Of course, like adults, we just rolled our eyes a little bit when it was
particularly over-the-top and tried to use our rational heads to determine
whether the criticism was warranted or not. Truthfully, I think they kept us
in check and I'm glad they exist.

If we had done anything even close to this, we would've been fired
immediately. To be even more blunt, I think I would've been fired for
interacting with them AT ALL, even just a strongly-worded email.

Just a little wild to see how differently people react to the same exact
situation.

------
crazygringo
Not even mentioning that one of those charged used to be a _police captain_...

...but what the hell is wrong with people that they take their job so
seriously that they'd _personally_ harass the people who run a newsletter
that's critical of the company they work for?

And that _six_ of them would do it _together_?

There are no lives at stake here.
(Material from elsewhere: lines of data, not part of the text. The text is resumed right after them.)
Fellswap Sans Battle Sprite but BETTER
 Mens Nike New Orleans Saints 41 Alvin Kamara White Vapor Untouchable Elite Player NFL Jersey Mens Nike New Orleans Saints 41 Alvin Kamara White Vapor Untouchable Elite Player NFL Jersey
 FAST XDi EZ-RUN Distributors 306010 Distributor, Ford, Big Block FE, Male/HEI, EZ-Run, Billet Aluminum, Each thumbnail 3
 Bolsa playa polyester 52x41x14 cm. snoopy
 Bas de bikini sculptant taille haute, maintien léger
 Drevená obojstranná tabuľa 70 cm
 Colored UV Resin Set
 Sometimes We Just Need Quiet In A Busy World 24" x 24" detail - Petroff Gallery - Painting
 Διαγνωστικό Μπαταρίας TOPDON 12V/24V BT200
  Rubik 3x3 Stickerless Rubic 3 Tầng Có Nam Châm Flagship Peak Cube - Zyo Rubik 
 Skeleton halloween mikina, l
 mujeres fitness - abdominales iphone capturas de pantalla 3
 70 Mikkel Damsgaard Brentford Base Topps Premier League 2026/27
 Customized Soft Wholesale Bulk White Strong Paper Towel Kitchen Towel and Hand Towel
Nobody's curing cancer or saving democracy
here, where maybe I could at least _understand_ how somebody might take
criticism as something immoral that needed to be fought against, even if I
deeply disagreed with the method.

But I just can't even fathom why these six people even cared enough in the
first place about some newsletter criticizing them. Where are their
psychological work-life boundaries? Why would they even care?

This is just so beyond bizarre. It's like some kind of pathological level of
psychological identification with your company. Your job is _just a job_ ,
folks.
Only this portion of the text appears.